What’s (perhaps unsurprisingly) been the No. 1 marketing stage for Hot Ones products has been the show, which puts hot sauces front and center, Kiley-Baker said. This season, the brand’s newest Buffalo sauce is in the first slot for guests to try, while a new version of its Last Dab sauce is at the end.

“It’s great when we get a celebrity to bite into our Buffalo sauce and they’re like, ‘Wow, that’s amazing. I can’t wait to cook with that at home or eat that at home,’” she said. “That’s pure gold.”

The star power of Evans as show host can also help move the marketing needle, and the brand capitalizes on his popularity in various ways, whether it’s channeling his voice in social copy or giving fans the chance to meet him at events like ComplexCon, an annual festival that took place in November in Long Beach, California.

“The Sean endorsement for the true Hot Ones fans, the true Spice Lords, holds an insane amount of weight,” Kiley-Baker said. “When he introduces the hot sauces in our sauce reveal before a new season, when he plugs a new product with an end card at the end of an episode, that’s where we really see that motion toward converting to sales. It’s amazing to see how much of an authority he’s become.”

In addition to giving fans an opportunity to meet Evans, Kiley-Baker said events like ComplexCon can help boost Hot Ones by letting fans try products IRL. That doesn’t just include sauces, but also includes its card game, Truth or Dab, which comes with 250 question cards and a bottle of Last Dab sauce. To promote the game elsewhere, Hot Ones has leaned on food influencers and has encouraged people to post their own videos of them trying Last Dab, Kiley-Baker said.

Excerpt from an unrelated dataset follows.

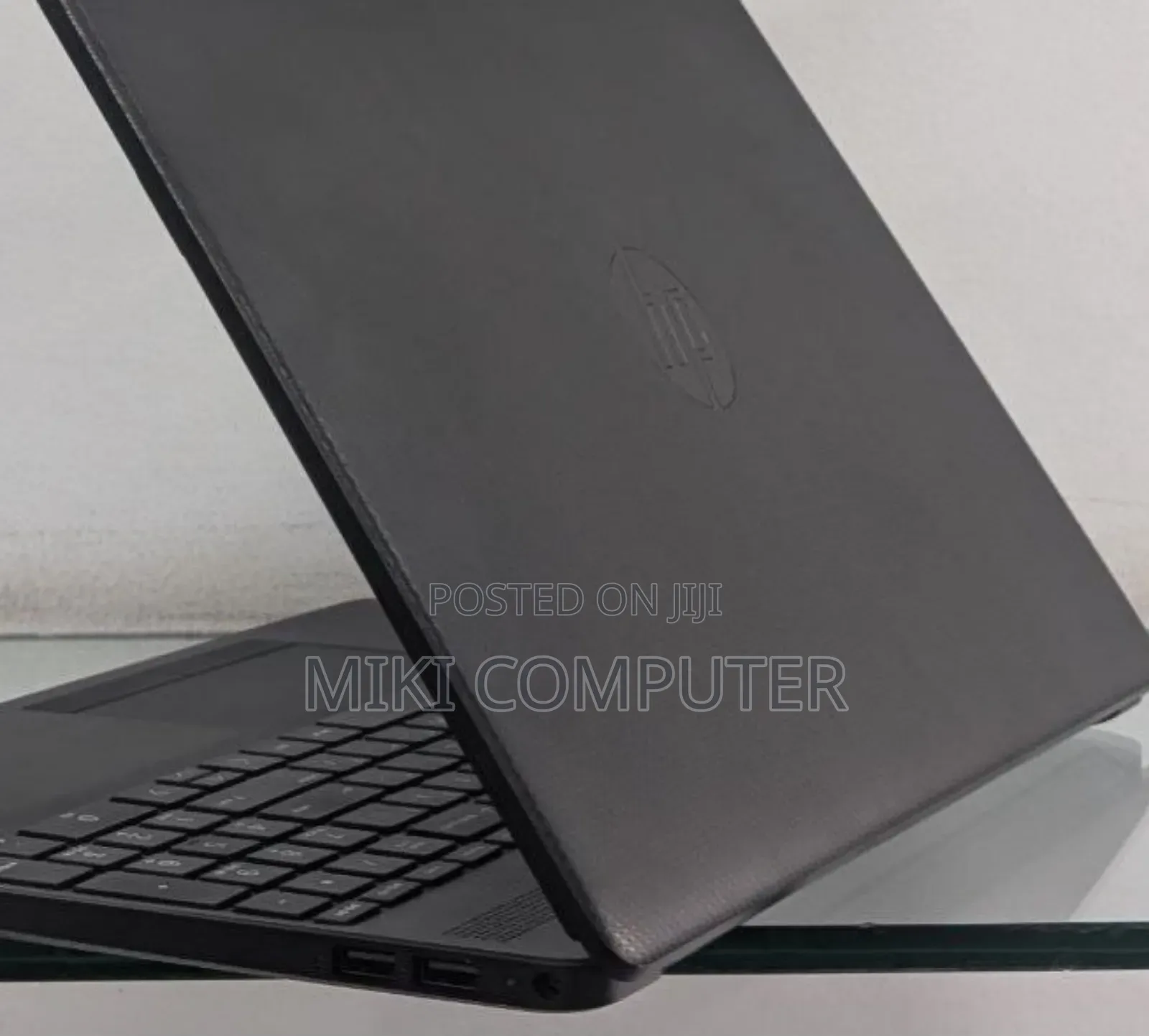 New Laptop HP Stream Notebook 8GB Intel Core I5 SSD 512GB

This summer, the brand tried out a new way to get its products in front of consumers, working with companies like Mealco and Grubhub to bring spicy chicken to customers in NYC, Boston, and Philadelphia. The plan is to expand into other cities soon, with an additional focus on college campuses, where Kiley-Baker said there is a “huge crossover” for the brand.

There can be challenges that come with Hot Ones having as many brand extensions as it does, Kiley-Baker acknowledged, but she said it comes with the territory of operating a beloved brand.

“The reason why we’re able to show up in all of these other places outside of the show is because the fans have galvanized and given us that mandate for more,” she said.